State v. Kelly R. Ferguson, 2009 WI 50, reversing unpublished opinion
For Ferguson: Jefren E. Olsen, SPD, Madison Appellate

Issue/Holding: Where the police had undisputed probable cause to arrest Ferguson for disorderly conduct outside her apartment, but entered her apartment without a warrant to arrest her, they acted with “lawful authority” for purposes of obstructing, § 946.41, when transporting her away from the apartment, whether or not the entry was supported by exigent circumstances:

¶39      The reasoning and conclusions of Harris are applicable to Ferguson’s struggles while the police were escorting her down the apartment stairs and placing her into the squad car. This is so because the police had probable cause to arrest Ferguson for disorderly conduct so that she was lawfully in their custody. Once Ferguson was removed from her house, the police were not required to re-arrest her for disorderly conduct in order to make her continued custody lawful.

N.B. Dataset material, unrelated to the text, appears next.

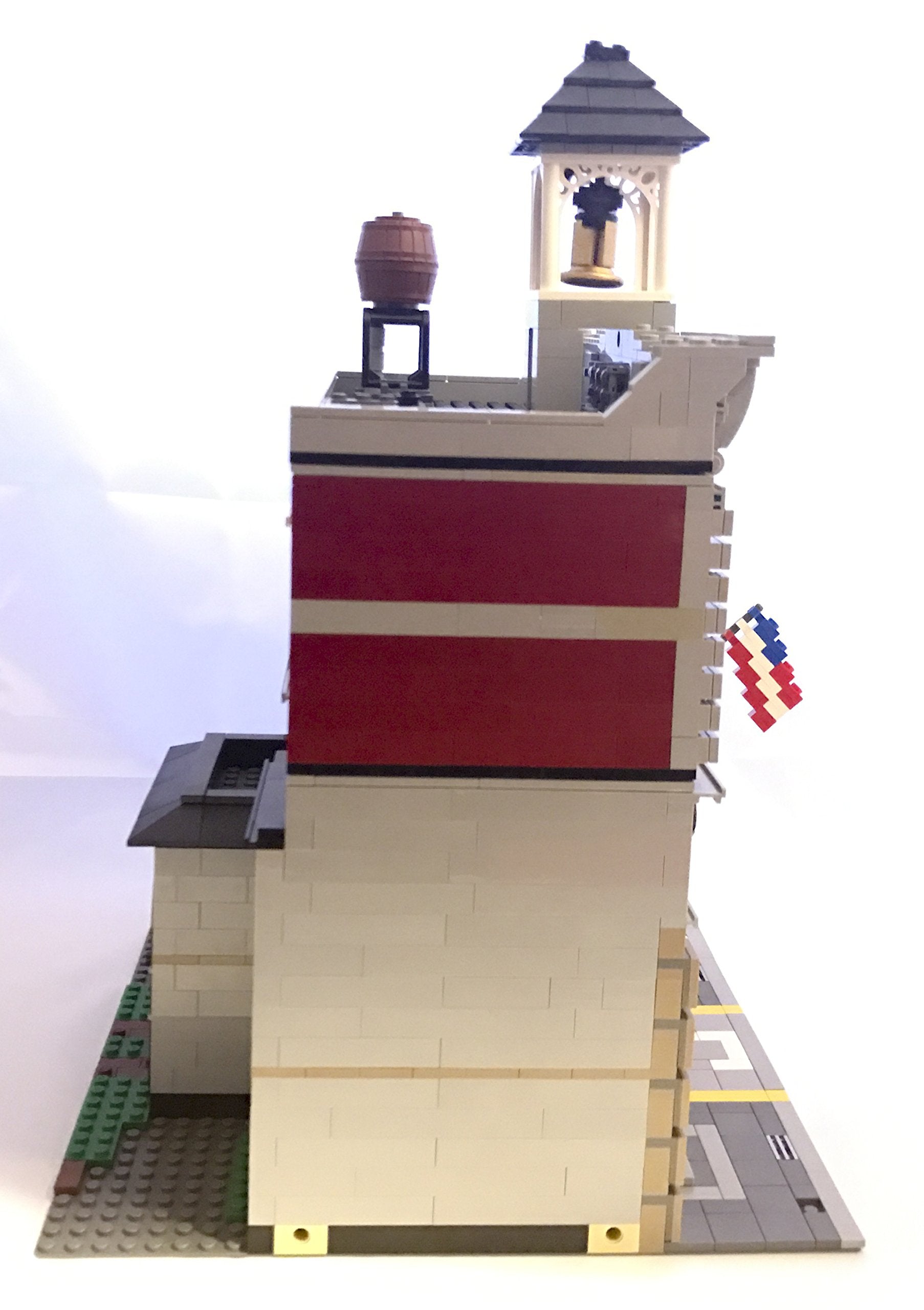 LEGO Creator Fire Brigade 10197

Therefore, her continuing struggles outside of her home occurred when the police were lawfully transporting her to the station house.¶40      Our conclusion in this regard is supported by other courts that have considered the issue of whether continued custody subsequent to an arrest based on probable cause is lawful, even though the defendant was not arrested in a lawful manner. See United States v. Hudson, 405 F.3d 425, 439 (6th Cir. 2005) (“[Harris] emphasized that although the manner of the defendant’s arrest was unconstitutional, his continued custody——supported by probable cause——was not unlawful and he could not claim ‘immunity from prosecution because his person was the fruit of an illegal arrest.'”); United States v. Villa-Velazquez, 282 F.3d 553, 556 (8th Cir. 2002) (holding that, because law enforcement officers had probable cause to arrest the defendant, “the evidence obtained during the time that [the defendant] was in lawful custody” should not be suppressed because of “the earlier unlawful entry into his residence”); Torres v. State, 619 A.2d 566, 569 (Md. Ct. Spec. App. 1993) (“Once the suspect is outside the protected premises, . . . the initially invalid restraint ripens into valid restraint.”);Roberson, 287 Wis. 2d 403, ¶16 (noting that “the Harris court distinguishedPayton as protecting the home itself, not the defendant’s person, and, as a result, Harris’ confession made outside of the home was admissible”).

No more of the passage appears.